LinuxLists.cc - Switching from IOCTLs to a RAMFS

2002-10-24 16:20:14

Subject: Switching from IOCTLs to a RAMFS

Based on the feedback and comments regarding
the use of IOCTLs in EVMS, we are switching to
the more preferred method of using a ram based
fs. Since we are going through this effort, I
would like to get it right now, rather than
having to switch to another ramfs system later
on. The question I have is: should we roll our
own fs, (a.k.a. evmsfs) or should we use sysfs
for this purpose? My initial thoughts are that
sysfs should be used. However, recent discussions
about device mapper have suggested a custom ramfs.
Which is the *best* choice?

Thanks,
Mark

2002-10-24 16:26:41

by Patrick Mochel

[permalink] [raw]

Subject: Re: Switching from IOCTLs to a RAMFS

On Thu, 24 Oct 2002, Mark Peloquin wrote:

>
> Based on the feedback and comments regarding
> the use of IOCTLs in EVMS, we are switching to
> the more preferred method of using a ram based
> fs. Since we are going through this effort, I
> would like to get it right now, rather than
> having to switch to another ramfs system later
> on. The question I have is: should we roll our
> own fs, (a.k.a. evmsfs) or should we use sysfs
> for this purpose? My initial thoughts are that
> sysfs should be used. However, recent discussions
> about device mapper have suggested a custom ramfs.
> Which is the *best* choice?

Use sysfs, please. Coming out of the kernel summit, the goal was to move
as much stuff to a ramfs-based system, rather than ioctl and procfs, and
Linus explicitly said to try and put them all in the same filesystem.

-pat

2002-10-24 17:40:41

by Jeff Garzik

[permalink] [raw]

Subject: Re: Switching from IOCTLs to a RAMFS

Mark Peloquin wrote:
> Based on the feedback and comments regarding
> the use of IOCTLs in EVMS, we are switching to
> the more preferred method of using a ram based
> fs.

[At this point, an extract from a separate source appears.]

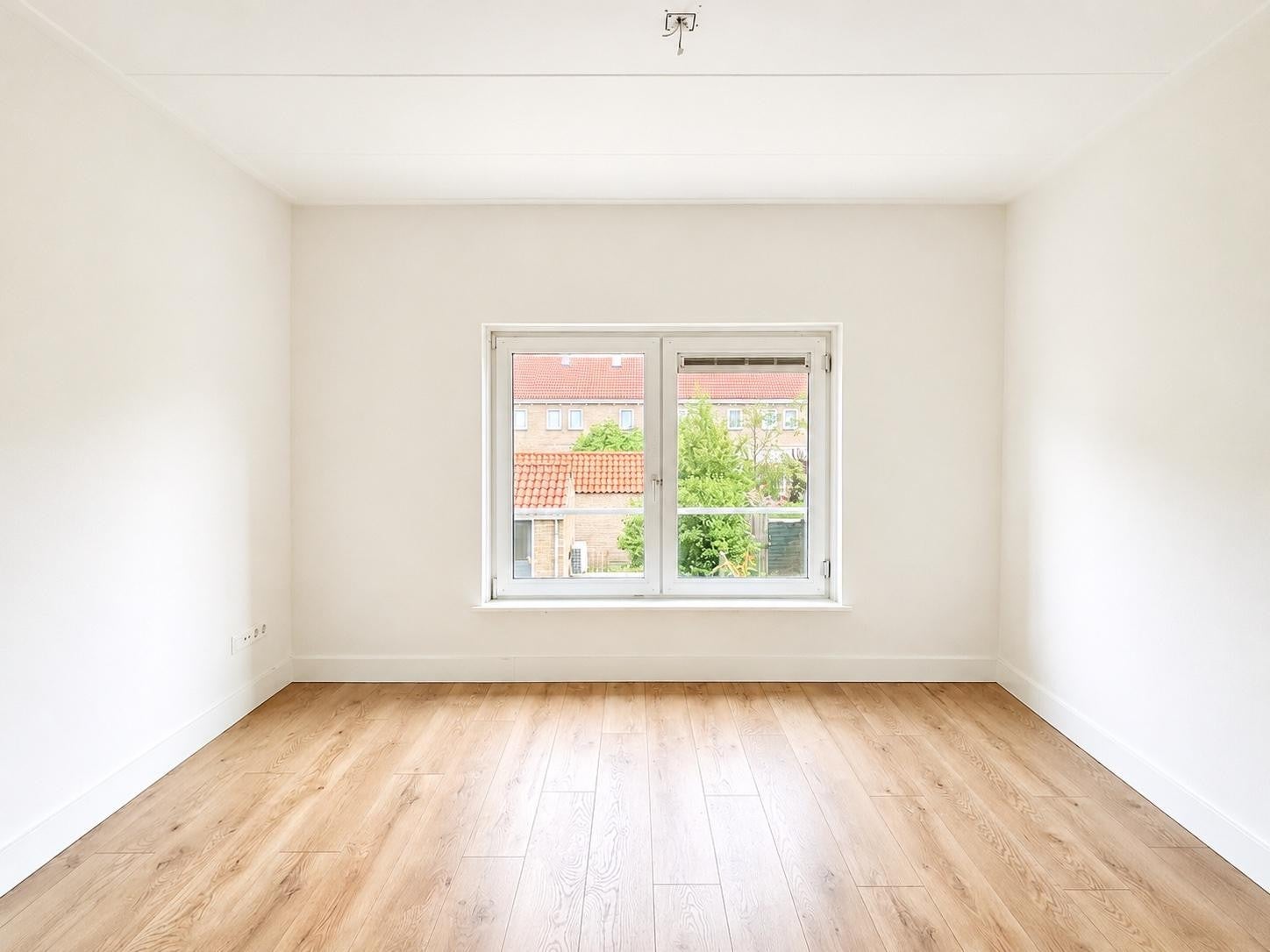 Woning te huur: Paulus Emtinckweg, Diemen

Since we are going through this effort, I
> would like to get it right now, rather than
> having to switch to another ramfs system later
> on. The question I have is: should we roll our
> own fs, (a.k.a. evmsfs) or should we use sysfs
> for this purpose? My initial thoughts are that
> sysfs should be used. However, recent discussions
> about device mapper have suggested a custom ramfs.
> Which is the *best* choice?

(cc'd viro and mochel, as I feel they are 'owners' in the subject area)

Let's jump back a bit, for a second. Why is procfs bad news? There are
minor issues with the implementation of single-page output and lack of
pure file operations, but the big issue is lack of a sane namespace.
sysfs is no better than procfs if we keep heaving junk into it without
thinking about proper namespace organization.

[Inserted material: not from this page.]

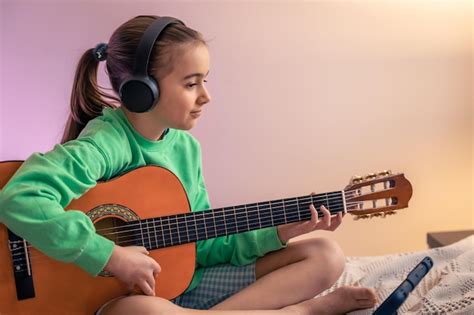 La Ni A Aprende A Tocar La Lecci N De Video Musical En L Nea De La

I personally prefer a separate filesystem for what you describe. That
gives the EVMS team control over their own portion of the namespace,
while giving complete flexibility. I do _not_ see sysfs as simply a
procfs replacement -- sysfs IMO is more intended as a way to organize
certain events and export internal kernel structure.

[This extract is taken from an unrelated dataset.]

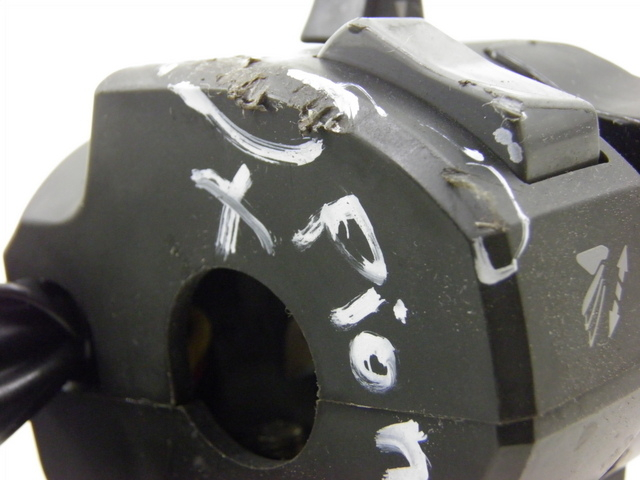 photo de LINKS SCHALTER YAMAHA FJR 1300 (2004 - 2005) - Oberflächenzustand und Material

To tangent a bit, WRT a private evmsfs, make sure that (a) you prefer
ASCII over binary interfaces where reasonable, and (b) any binary
interfaces you have are fixed-endian and 64-bit safe from the get-go.
Consider crazy cases like someone exporting evmsfs over NFS, from a
32-bit IA32 server to a big-endian 64-bit client.

Jeff

2002-10-24 18:05:41

by Patrick Mochel

[permalink] [raw]

Subject: Re: Switching from IOCTLs to a RAMFS

On Thu, 24 Oct 2002, Jeff Garzik wrote:

> Mark Peloquin wrote:
> > Based on the feedback and comments regarding
> > the use of IOCTLs in EVMS, we are switching to
> > the more preferred method of using a ram based
> > fs. Since we are going through this effort, I
> > would like to get it right now, rather than
> > having to switch to another ramfs system later
> > on. The question I have is: should we roll our
> > own fs, (a.k.a. evmsfs) or should we use sysfs
> > for this purpose? My initial thoughts are that
> > sysfs should be used. However, recent discussions
> > about device mapper have suggested a custom ramfs.
> > Which is the *best* choice?
>
>
> (cc'd viro and mochel, as I feel they are 'owners' in the subject area)
>
> Let's jump back a bit, for a second. Why is procfs bad news? There are
> minor issues with the implementation of single-page output and lack of
> pure file operations, but the big issue is lack of a sane namespace.
> sysfs is no better than procfs if we keep heaving junk into it without
> thinking about proper namespace organization.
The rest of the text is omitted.